The leader of the opposition has stated that Prince harry should make a public appearence to apologize for his mistake. Good idea I say. Get him to stand on the balcony of Buckinham palace with large union flags behind him and scream out to the gathered hoards "Ich bein ein dumkoff!"

Even though I'm sitting here taking the piss out of Harry (Or should that be Hans?) for not being bright enough to work out just how stupid a move it was I have to say he may only have done it to carry on a family tradition...

Edinburgh blogger dismissed from employment for satirical blog postings.

Today the free newspaper The Metro ran a story on a fellow Edinburgh based blogger being sacked from his job because of his satirical postings on the Woolamaloo Gazette. This is a shocking attempt by a giant corporation to kick the shit out of the little guy who speaks his mind and I will no longer be going into ANY Wankerstones* bookstore.


*I don't work in Waterstones so they can't fire me from my job. Eat that, fuckers.

As an addendum to this posting what makes me mad is that I have posted hatefull spiteful shit about my work and not once have they fired me. Fucking swines.

1/12/2005

And also in the news...

I have a new blog.

Feel free to check it out.
Or don't.
See if I give a shit.

Please pass me the ice...

After being offline for a few weeks due to me being a total retard when it comes to computers I'm now back with a blast. Due to me having got used to not having to write much while I was offline I may seem a bit more disjointed than usual in my postings for a wee while.
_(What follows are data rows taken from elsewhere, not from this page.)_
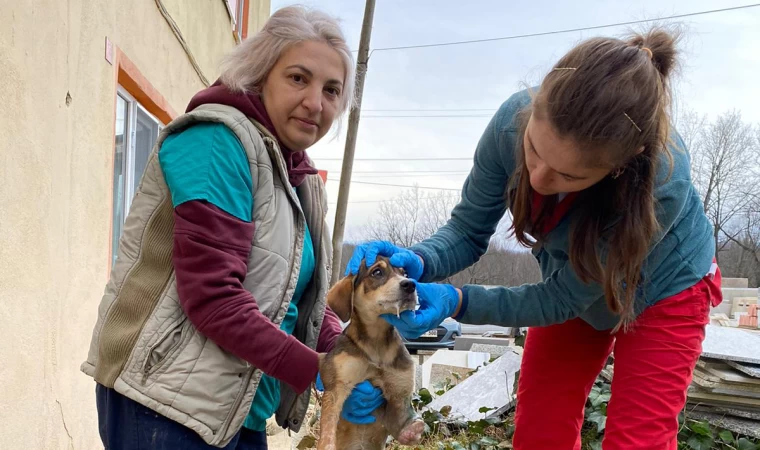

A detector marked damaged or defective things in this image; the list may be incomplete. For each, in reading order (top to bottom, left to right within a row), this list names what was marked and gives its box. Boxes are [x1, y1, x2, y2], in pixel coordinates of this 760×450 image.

broken concrete slab [700, 326, 760, 364]
broken concrete slab [428, 348, 524, 422]
broken concrete slab [688, 410, 760, 438] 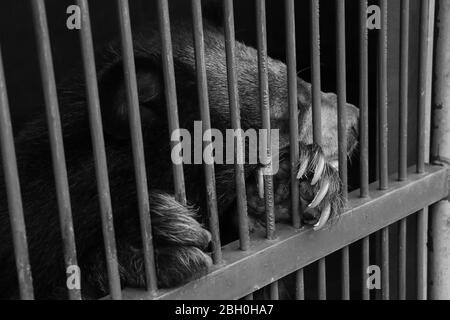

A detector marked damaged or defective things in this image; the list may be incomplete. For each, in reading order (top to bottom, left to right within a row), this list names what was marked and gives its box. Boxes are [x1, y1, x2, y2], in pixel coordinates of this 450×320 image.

rusty metal bar [0, 45, 33, 300]
rusty metal bar [30, 0, 81, 300]
rusty metal bar [116, 0, 158, 296]
rusty metal bar [157, 0, 187, 205]
rusty metal bar [191, 0, 222, 262]
rusty metal bar [223, 0, 251, 251]
rusty metal bar [256, 0, 274, 240]
rusty metal bar [121, 165, 448, 300]
rusty metal bar [428, 0, 450, 300] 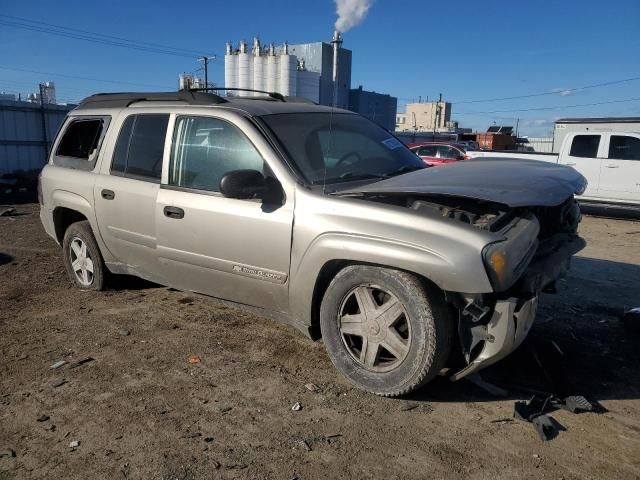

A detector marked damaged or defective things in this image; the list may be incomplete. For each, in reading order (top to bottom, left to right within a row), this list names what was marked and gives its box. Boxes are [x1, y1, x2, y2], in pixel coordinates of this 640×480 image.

crushed hood [342, 158, 588, 206]
damaged chevrolet trailblazer [40, 91, 588, 398]
crumpled front bumper [450, 294, 540, 380] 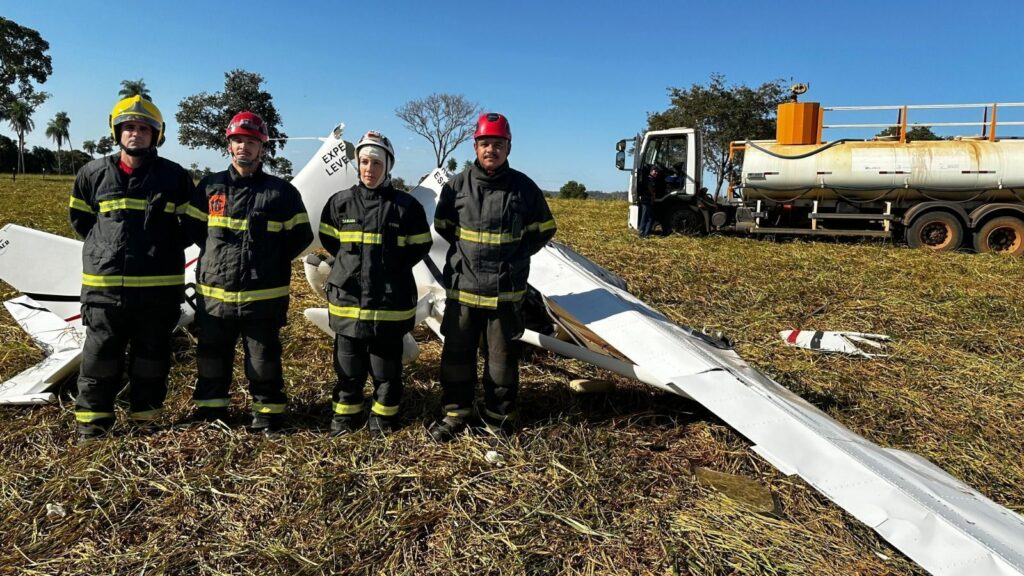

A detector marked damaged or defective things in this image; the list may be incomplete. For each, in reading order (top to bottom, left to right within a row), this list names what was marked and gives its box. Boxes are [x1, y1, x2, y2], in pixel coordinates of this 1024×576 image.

crashed small airplane [0, 124, 1020, 572]
rusty tank truck [620, 88, 1024, 254] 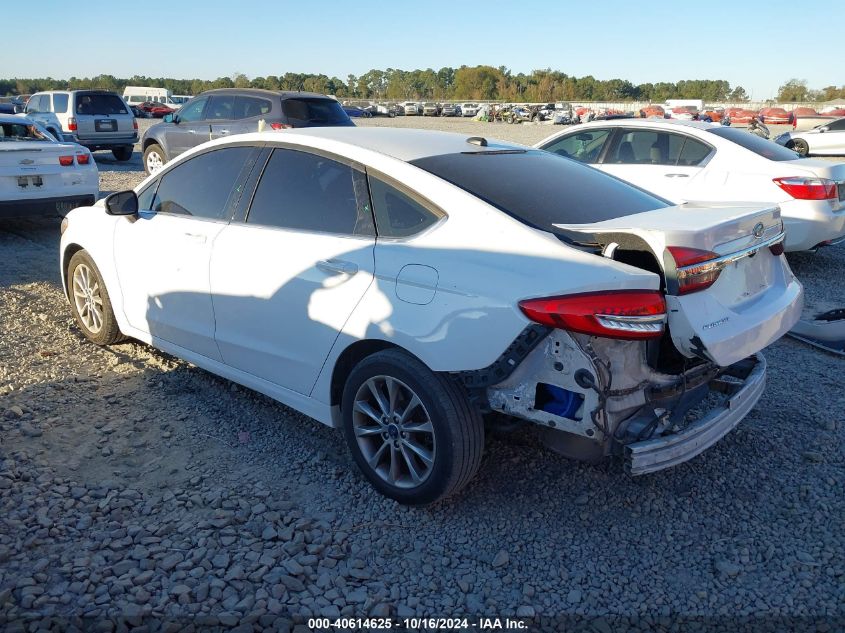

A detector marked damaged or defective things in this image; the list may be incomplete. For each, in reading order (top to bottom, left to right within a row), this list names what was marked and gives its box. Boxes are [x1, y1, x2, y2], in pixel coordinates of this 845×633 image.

broken tail light [772, 177, 836, 199]
broken tail light [664, 247, 720, 296]
broken tail light [516, 292, 664, 340]
missing rear bumper [620, 350, 764, 474]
During my forced sabatical I spent a lot of time reading books, learning how to juggle, learning the Balducci levitation & generally pondering on the nature of existence. Oh, and listening to more music than is good for me. Well, you gotta have a soundtrack in life to keep the Gods that watch over us interested.

Also during my time offline I had some work done on my house. I am now the proud owner of a shower in my bathroom, (where else would you put one?) a shelf in my bedroom and a bookcase in my sitting room.

The things that have become most apparent in the last couple of weeks are... I own a very ecclectic collection of books and music, and I have too much of both. The bookshelf is more than six feet tall, seven feet wide and about a foot deep and I have almost filled it with my books and my LP's.

For the younger people reading this, an LP is what we used to record music on. We didn't have all them new fangled CD things in my day... (We had to walk five miles to school... Uphill both ways... I remember when all this was fields... We had respect for our elders... Mars bars were bigger then... A 10p mixture contained more than 10 sweeties... And you could get a bus into town without some young whippersnapper shouting obscenities at the elderly........)

1/10/2005

I'm now back online after a few weeks of forced withdrawl due to my PC crashing like a second-hand SCUD missile.

Quite a lot of things have happened to me since the last time I posted but I won't bore you all with these stories just at the present moment... I'll keep them to bore you with at a later date.

A new year. Another chance for me to realise some dreams and ambitions.

On the list of things to do this month...
  • Create a web site for selling my own brand of T-shirts.
  • Call friends.
  • Let my family know I love and appreciate them.